For some Australians, retirement is everything they were promised. Those retiring today may be healthier than any comparable generation in history. Social researcher Bernard Salt calls ages 65-85, “The Great Contentment”1.
But while there’s good news in aggregate, individual retirees and pre-retirees face a wall of real worries. In the earlier decades of their working lives most Australians are focused on career, family and buying a home. Super doesn’t loom large.
Until it does. In focus group research conducted for AMP2, many in their 50s and 60s talk about a sudden mad scramble to ‘catch up’ and meet an ill-defined retirement goal. Let’s look at some of the challenges they face.

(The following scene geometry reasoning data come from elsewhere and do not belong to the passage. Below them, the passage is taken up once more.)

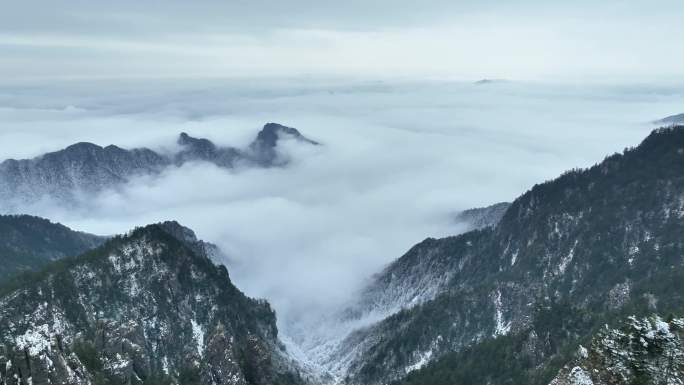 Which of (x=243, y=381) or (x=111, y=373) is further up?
(x=111, y=373)

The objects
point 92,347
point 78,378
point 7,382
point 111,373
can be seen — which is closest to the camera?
point 7,382

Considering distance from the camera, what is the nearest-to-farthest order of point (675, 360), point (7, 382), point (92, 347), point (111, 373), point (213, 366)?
point (675, 360) → point (7, 382) → point (111, 373) → point (92, 347) → point (213, 366)

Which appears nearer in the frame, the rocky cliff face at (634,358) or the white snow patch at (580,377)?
the rocky cliff face at (634,358)

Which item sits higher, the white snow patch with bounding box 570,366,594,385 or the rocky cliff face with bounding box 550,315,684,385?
the rocky cliff face with bounding box 550,315,684,385

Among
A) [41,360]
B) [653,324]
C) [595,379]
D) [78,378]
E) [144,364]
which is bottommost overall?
[144,364]

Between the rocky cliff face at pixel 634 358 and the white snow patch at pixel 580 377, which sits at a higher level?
Answer: the rocky cliff face at pixel 634 358

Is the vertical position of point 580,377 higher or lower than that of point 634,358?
lower

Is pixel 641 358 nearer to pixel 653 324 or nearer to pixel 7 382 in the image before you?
pixel 653 324

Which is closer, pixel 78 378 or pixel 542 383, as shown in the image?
pixel 78 378

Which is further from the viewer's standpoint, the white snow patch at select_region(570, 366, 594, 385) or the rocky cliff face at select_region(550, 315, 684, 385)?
the white snow patch at select_region(570, 366, 594, 385)

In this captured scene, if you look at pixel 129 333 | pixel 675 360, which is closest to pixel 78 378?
pixel 129 333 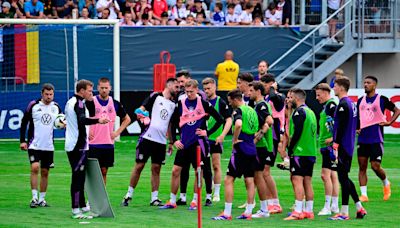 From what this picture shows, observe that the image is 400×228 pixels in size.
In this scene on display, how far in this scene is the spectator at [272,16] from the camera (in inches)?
1518

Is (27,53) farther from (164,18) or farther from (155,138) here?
(155,138)

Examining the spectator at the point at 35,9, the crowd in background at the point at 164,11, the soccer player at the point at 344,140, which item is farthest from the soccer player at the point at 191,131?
the spectator at the point at 35,9

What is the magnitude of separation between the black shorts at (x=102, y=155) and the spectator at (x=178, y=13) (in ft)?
62.3

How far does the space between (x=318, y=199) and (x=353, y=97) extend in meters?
14.1

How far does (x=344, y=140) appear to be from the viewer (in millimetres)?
17375

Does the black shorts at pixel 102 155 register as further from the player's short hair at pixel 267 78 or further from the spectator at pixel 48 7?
the spectator at pixel 48 7

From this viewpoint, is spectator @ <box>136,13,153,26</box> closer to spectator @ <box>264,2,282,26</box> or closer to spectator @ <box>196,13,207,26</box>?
spectator @ <box>196,13,207,26</box>

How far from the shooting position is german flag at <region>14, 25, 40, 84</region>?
3322 centimetres

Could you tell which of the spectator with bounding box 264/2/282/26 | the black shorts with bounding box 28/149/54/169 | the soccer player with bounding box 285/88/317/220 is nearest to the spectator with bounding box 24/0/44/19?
the spectator with bounding box 264/2/282/26

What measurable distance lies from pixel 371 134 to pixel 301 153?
3.37 m

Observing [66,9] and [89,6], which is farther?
[89,6]

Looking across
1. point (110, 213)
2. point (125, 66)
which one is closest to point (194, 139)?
point (110, 213)

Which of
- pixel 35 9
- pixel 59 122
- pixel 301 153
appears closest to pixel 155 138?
pixel 59 122

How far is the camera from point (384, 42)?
38.5 m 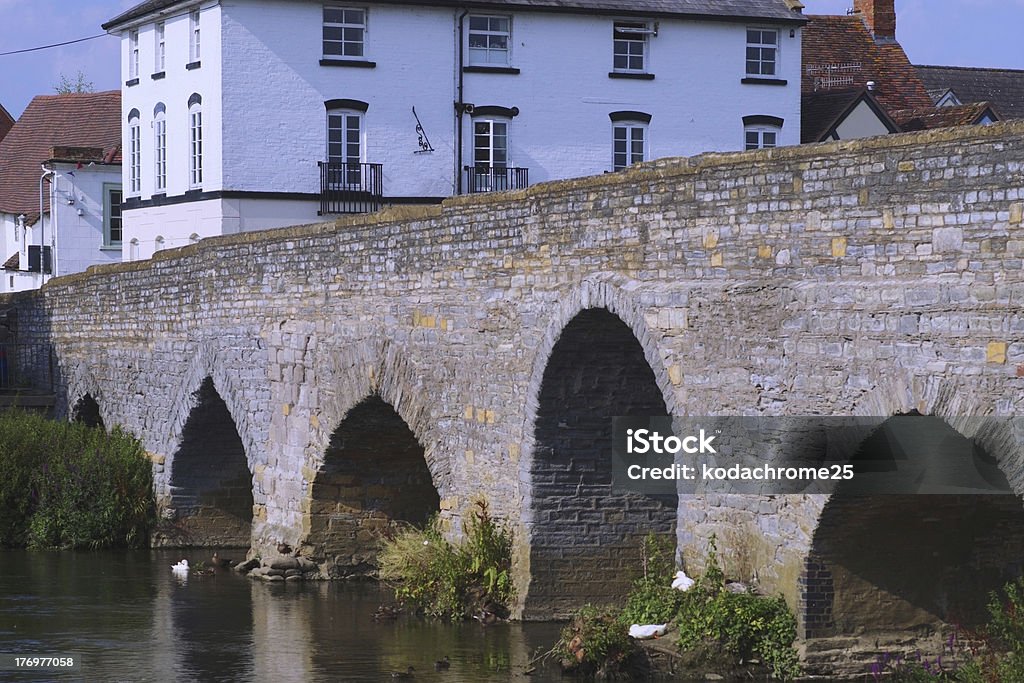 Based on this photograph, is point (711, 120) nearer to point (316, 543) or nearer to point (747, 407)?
point (316, 543)

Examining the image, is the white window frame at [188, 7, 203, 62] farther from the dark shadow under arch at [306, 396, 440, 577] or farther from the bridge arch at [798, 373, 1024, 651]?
the bridge arch at [798, 373, 1024, 651]

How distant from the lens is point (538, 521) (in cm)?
1480

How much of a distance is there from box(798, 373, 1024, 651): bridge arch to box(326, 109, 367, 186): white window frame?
70.0 feet

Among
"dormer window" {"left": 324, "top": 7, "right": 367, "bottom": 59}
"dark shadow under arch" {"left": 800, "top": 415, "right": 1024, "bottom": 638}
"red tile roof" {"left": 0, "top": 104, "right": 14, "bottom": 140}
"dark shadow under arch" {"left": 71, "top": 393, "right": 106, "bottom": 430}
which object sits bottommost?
"dark shadow under arch" {"left": 800, "top": 415, "right": 1024, "bottom": 638}

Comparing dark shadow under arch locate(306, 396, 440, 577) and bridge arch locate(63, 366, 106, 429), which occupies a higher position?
bridge arch locate(63, 366, 106, 429)

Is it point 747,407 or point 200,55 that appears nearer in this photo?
point 747,407

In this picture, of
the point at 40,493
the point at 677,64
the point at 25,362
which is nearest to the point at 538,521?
the point at 40,493

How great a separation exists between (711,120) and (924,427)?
23993mm

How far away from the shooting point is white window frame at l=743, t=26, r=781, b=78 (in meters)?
35.0

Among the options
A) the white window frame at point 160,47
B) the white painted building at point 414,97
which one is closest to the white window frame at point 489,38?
the white painted building at point 414,97

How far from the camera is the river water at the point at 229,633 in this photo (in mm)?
13766

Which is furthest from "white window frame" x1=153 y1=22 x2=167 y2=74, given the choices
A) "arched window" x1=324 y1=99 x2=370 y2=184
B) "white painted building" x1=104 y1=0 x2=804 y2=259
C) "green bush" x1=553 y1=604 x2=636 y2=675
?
"green bush" x1=553 y1=604 x2=636 y2=675

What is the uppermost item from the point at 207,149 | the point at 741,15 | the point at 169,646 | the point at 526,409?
the point at 741,15

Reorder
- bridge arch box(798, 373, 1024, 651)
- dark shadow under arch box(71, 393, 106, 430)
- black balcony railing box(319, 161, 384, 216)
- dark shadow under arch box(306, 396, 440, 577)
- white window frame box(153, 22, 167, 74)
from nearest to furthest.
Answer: bridge arch box(798, 373, 1024, 651)
dark shadow under arch box(306, 396, 440, 577)
dark shadow under arch box(71, 393, 106, 430)
black balcony railing box(319, 161, 384, 216)
white window frame box(153, 22, 167, 74) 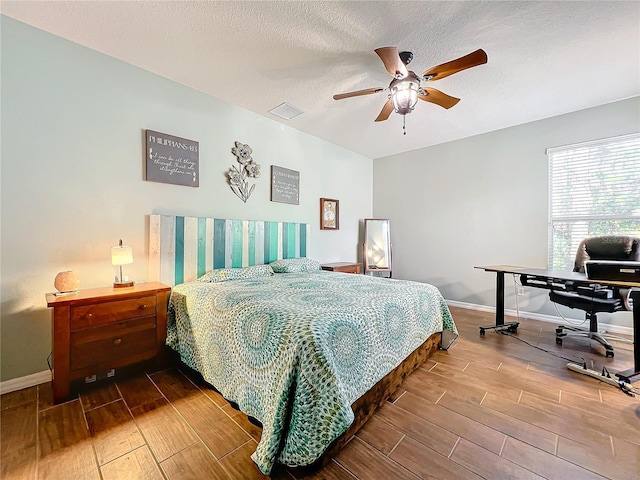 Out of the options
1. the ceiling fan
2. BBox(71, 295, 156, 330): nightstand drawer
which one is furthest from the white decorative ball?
the ceiling fan

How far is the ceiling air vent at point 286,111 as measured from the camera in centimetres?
321

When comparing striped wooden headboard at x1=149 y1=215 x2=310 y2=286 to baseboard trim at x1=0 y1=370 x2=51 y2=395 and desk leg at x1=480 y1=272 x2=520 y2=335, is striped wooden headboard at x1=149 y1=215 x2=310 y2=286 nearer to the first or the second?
baseboard trim at x1=0 y1=370 x2=51 y2=395

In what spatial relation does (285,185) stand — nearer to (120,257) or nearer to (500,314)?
(120,257)

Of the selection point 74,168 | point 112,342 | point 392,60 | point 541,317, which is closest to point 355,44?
point 392,60

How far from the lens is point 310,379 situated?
1218 millimetres

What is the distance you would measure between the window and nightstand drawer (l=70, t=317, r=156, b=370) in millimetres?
4717

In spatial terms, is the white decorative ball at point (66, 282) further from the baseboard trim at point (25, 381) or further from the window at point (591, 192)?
the window at point (591, 192)

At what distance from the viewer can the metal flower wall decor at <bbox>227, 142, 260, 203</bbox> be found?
318 cm

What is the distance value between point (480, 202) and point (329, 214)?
2353 mm

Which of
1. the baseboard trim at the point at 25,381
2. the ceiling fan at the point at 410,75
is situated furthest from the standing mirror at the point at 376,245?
the baseboard trim at the point at 25,381

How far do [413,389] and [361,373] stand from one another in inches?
29.5

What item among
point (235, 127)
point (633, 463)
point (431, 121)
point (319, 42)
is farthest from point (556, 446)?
point (235, 127)

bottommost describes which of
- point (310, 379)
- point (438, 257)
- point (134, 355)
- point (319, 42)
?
point (134, 355)

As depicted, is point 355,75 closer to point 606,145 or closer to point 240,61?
point 240,61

The cupboard left bare – FORO
For many pre-and early retirees, Fear of Running Out (FORO) is a major anxiety. After a lifetime of work where the income cell on the budget spreadsheet was always filling and refilling, funding an enjoyable retirement from a single, soon-to-dwindle pile of money looms as a mathematical challenge and an emotional rollercoaster.
This fear is heightened when the growing cost of living eats away at your lifetime savings. AMP’s General Manager, Retirement Solutions Ben Hillier says, “Close to 50% of Australians are concerned they don’t have enough money for retirement – it’s the most common fear experienced by retirees3.”
The experts understand that fear. International retirement income specialist Don Ezra says: “There are two sources of financial risk in providing for… life after full-time work. One is that you don’t know how long you’ll live. The other is that you don’t know how large a return your financial capital will earn. Together these form a huge problem.”
Complex and variable
We may have the most complex retirement system in the world4 and this complexity increases with every election cycle. In addition to regulatory, longevity and return risk, retirees need to manage a complex tax code and a curvy Social Security system.
Human variability adds to systemic complexity. Many retirees are ushered into retirement by illness or injury. Retirement strategies are complicated by divorce and re-partnering or simply by two halves of a couple retiring at different ages and accessing the age pension at separate times.
And of course, the duration of retirement is itself unknowable.
Too much banking on mum and dad?
For many retirees in property-obsessed Australia, decisions about the right level of retirement spending are complicated by the desire to leave a home – or at least a deposit – to their children.
This imperative complicates the work of financial advisers. It irritates many policy makers who question why tax-advantaged savings are used to benefit the next generation rather than underpin retirement lifestyles.
Trouble at home
Reverse mortgage schemes like the government’s Home Equity Access Scheme are gaining popularity and provide a significant increase on age pension income. Yet many retirees will be ‘asset rich and cash poor’ until they can monetise the capital sunk into their home without the risk, costs and potential bequest-reduction inherent in a debt-driven home-equity solution.
The sudden re-emergence of inflation is exacerbating the challenges listed above. In AMP’s 2022 Financial Wellness report5 nearly half the 50–59 cohort were ‘extremely concerned’ about the rising cost of living.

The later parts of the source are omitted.